Os líderes religiosos se reuniram numa antiga praça, sob uma cobertura enorme. Num grande tablado vermelho, em forma de V, ficavam os representantes religiosos, com o assento do papa no centro. Ao lado do tablado havia uma oliveira — um símbolo da paz. Na frente do tablado, uma assistência de mais de 2.000 convidados, criteriosamente selecionados. A primeira fila era ocupada por algumas das mais altas autoridades da Itália. Os discursos eram intercalados por hinos de louvor à paz, cantados por grandes corais. Em outras partes da cidade, milhares de pessoas, a maioria jovens, exibiam cartazes com slogans contra a guerra, em vários idiomas, e cantavam canções de paz. Muitos seguravam ramos de oliveira.

Depois de ocupar seu assento no tablado, o papa saudou os membros das várias delegações religiosas. Em seguida, após um hino cantado em latim, baseado em Isaías 2:4 (que profetiza um tempo em que ‘nação não levantará espada contra nação’), mais de uma dezena de representantes, cada qual com suas vestes religiosas características, fizeram uma declaração solene em favor da paz. Veja alguns exemplos.

“Neste momento histórico, a humanidade precisa ver gestos de paz e ouvir palavras de esperança.” — Cardeal François Xavier Nguyên Van Thuân.

Deus “não é um Deus de guerra e de conflitos, mas um Deus de paz”. — Patriarca ecumênico Bartolomeu I.

“As diferenças religiosas não devem levar [as pessoas] a ignorar, ou até mesmo odiar, os que são diferentes.” — Dr.

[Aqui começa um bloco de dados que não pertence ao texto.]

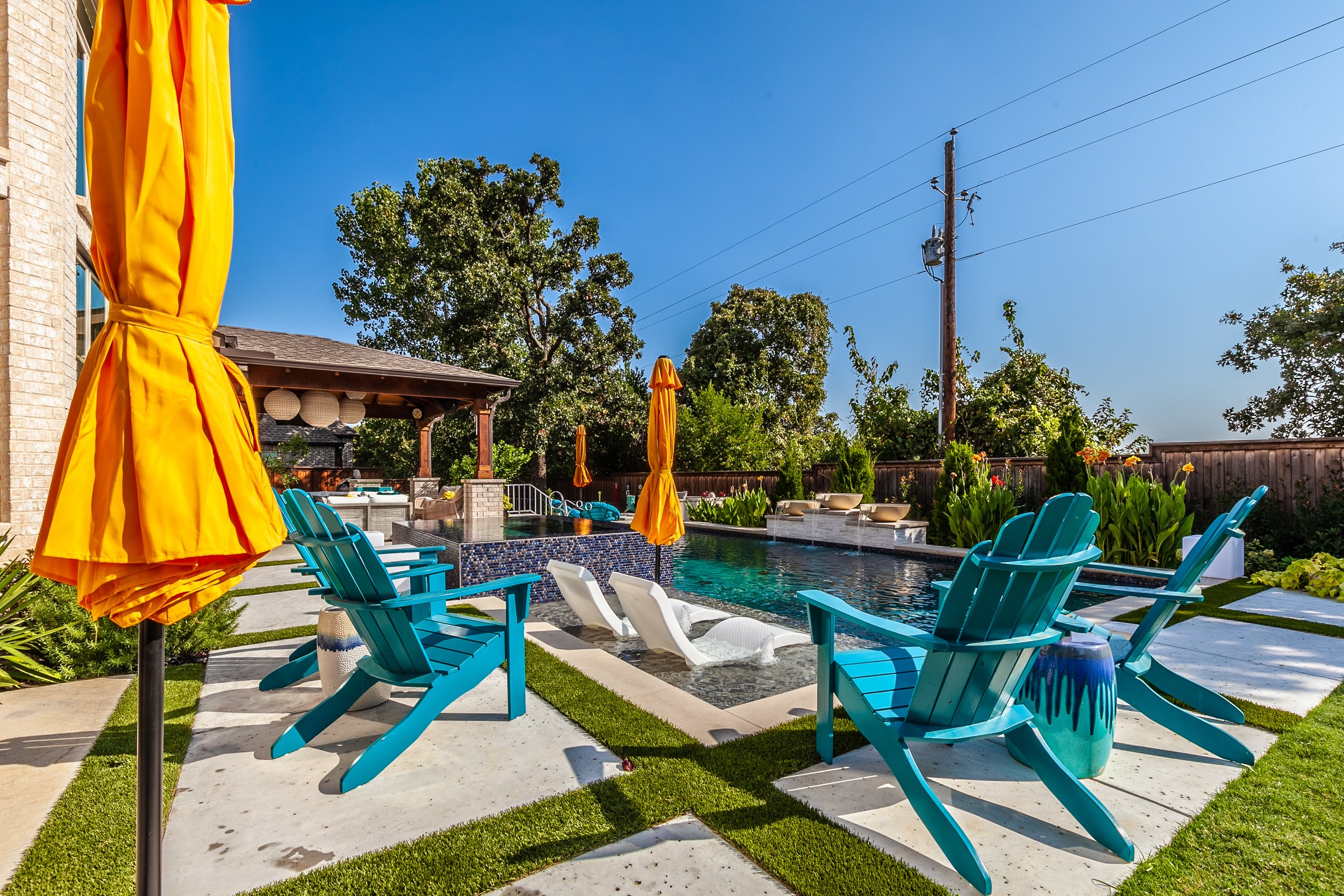 A backyard with a swimming pool, four blue Adirondack chairs, two white lounge chairs, yellow umbrellas, a pergola with decorative lanterns, and lush green trees.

Setri Nyomi, Aliança Mundial das Igrejas Reformadas.

“A justiça e o amor fraterno são os dois pilares indispensáveis para a paz verdadeira entre as pessoas.” — Chefe Amadou Gasseto, representante de religiões africanas tradicionais.

“Somente a paz é sagrada, a guerra nunca é sagrada!” — Andrea Riccardi, Igreja Católica.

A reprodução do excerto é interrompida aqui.